- Problem:
Write again exactly the lines in the listing below, starting at the line with "After installing the" and ending at the line with "Hello everyone, good", both included. Pictures are not copied.

- Records for the task:
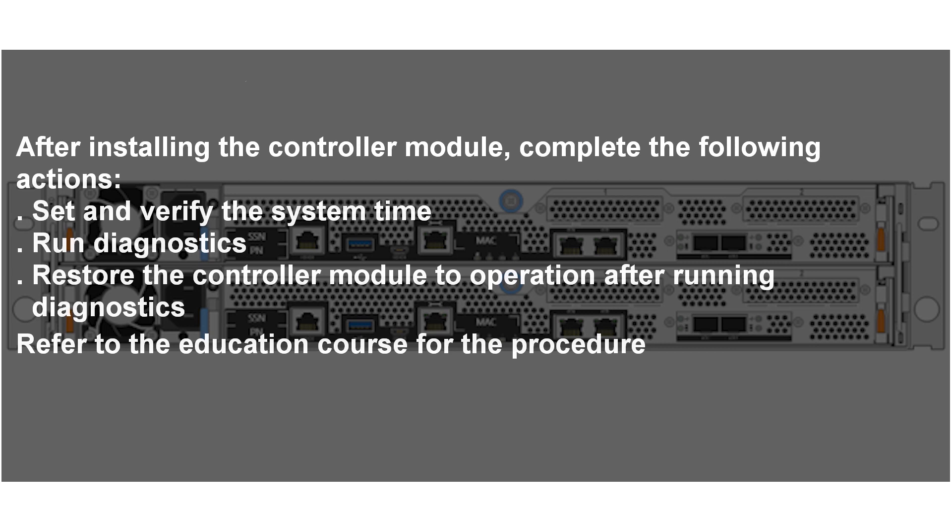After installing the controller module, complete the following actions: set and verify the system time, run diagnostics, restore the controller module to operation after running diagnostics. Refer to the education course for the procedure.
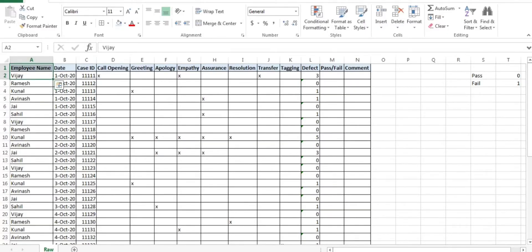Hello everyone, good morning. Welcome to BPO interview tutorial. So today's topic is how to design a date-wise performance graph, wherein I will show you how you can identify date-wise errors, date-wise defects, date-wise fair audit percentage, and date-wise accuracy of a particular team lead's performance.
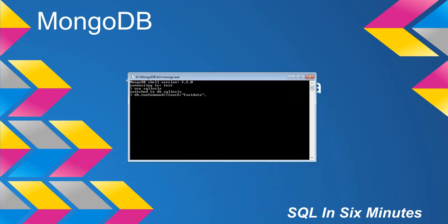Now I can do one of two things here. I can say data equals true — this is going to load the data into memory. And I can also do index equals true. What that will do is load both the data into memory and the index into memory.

* * *

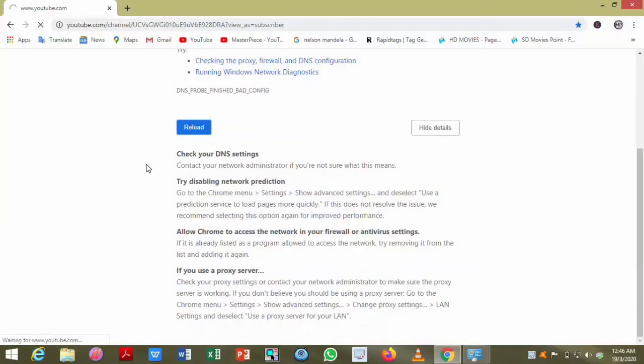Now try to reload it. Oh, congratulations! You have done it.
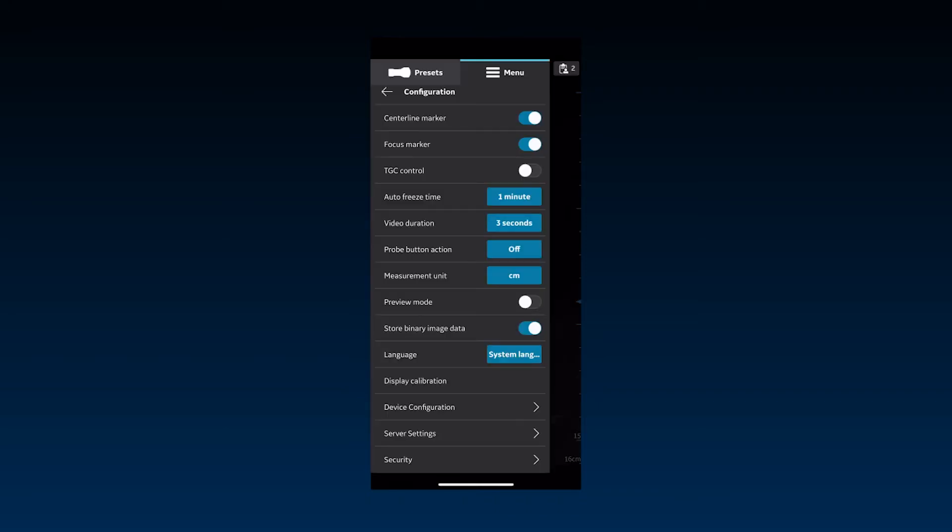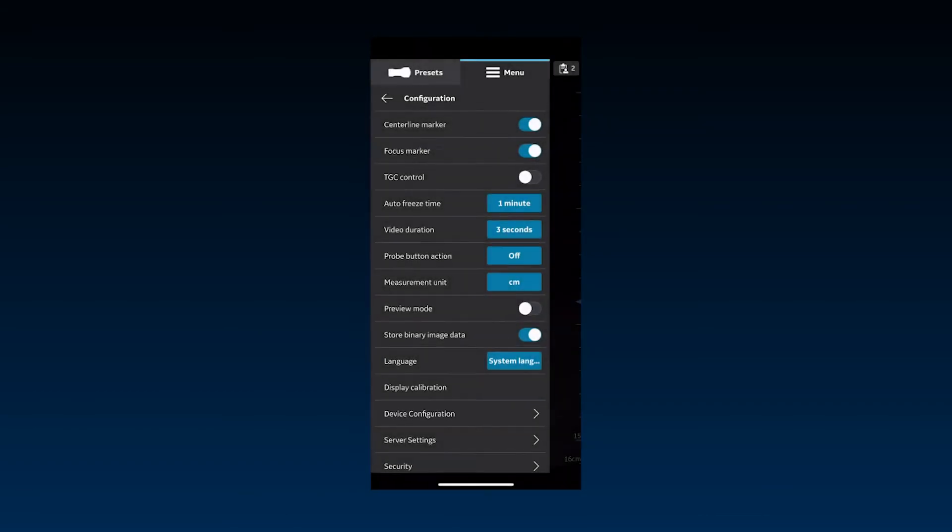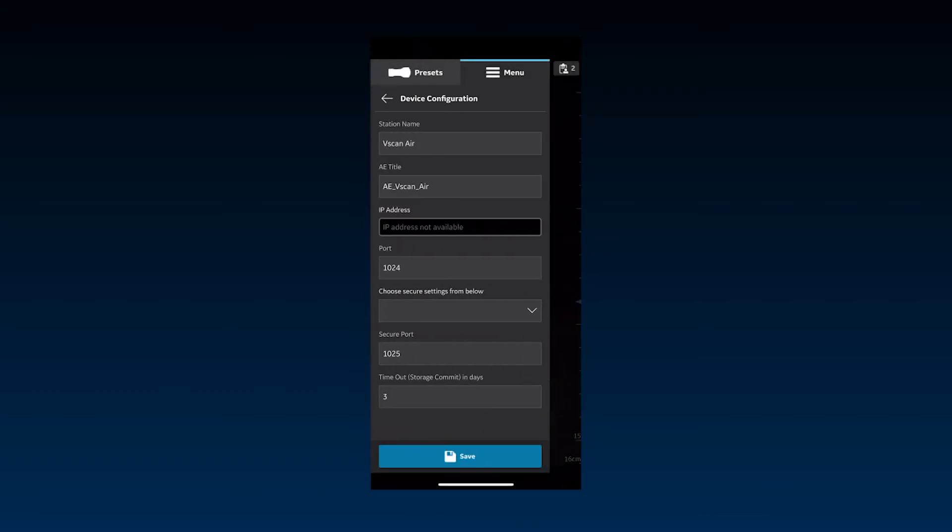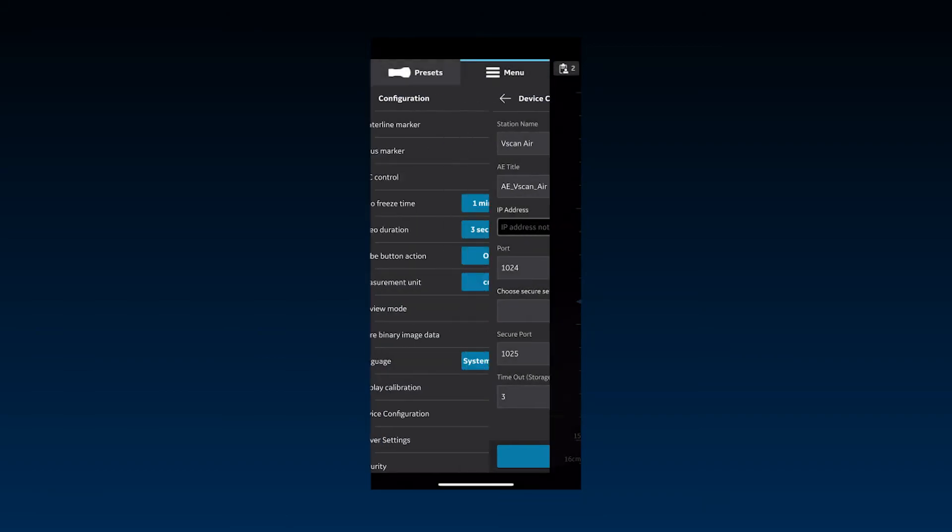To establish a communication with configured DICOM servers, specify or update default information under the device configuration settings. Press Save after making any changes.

...

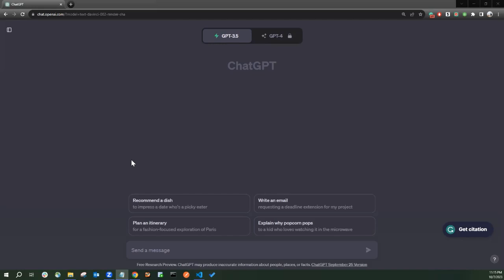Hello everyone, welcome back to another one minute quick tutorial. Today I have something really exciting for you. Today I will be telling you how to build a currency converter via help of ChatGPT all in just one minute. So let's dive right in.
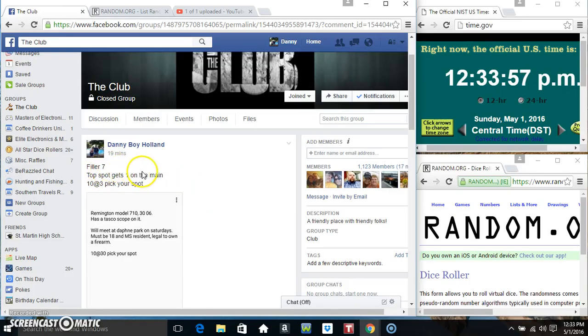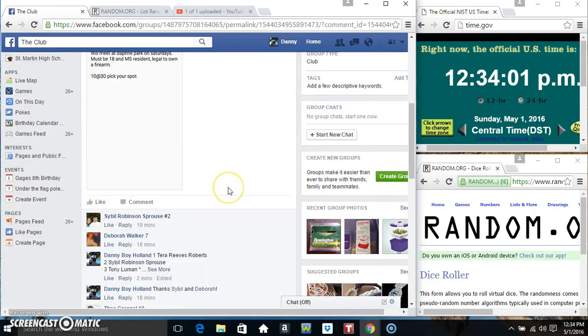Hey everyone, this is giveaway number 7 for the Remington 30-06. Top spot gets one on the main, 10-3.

- Response to this exercise:
After installing the controller module, complete the following actions: set and verify the system time, run diagnostics, restore the controller module to operation after running diagnostics. Refer to the education course for the procedure.
Hello everyone, good morning. Welcome to BPO interview tutorial. So today's topic is how to design a date-wise performance graph, wherein I will show you how you can identify date-wise errors, date-wise defects, date-wise fair audit percentage, and date-wise accuracy of a particular team lead's performance.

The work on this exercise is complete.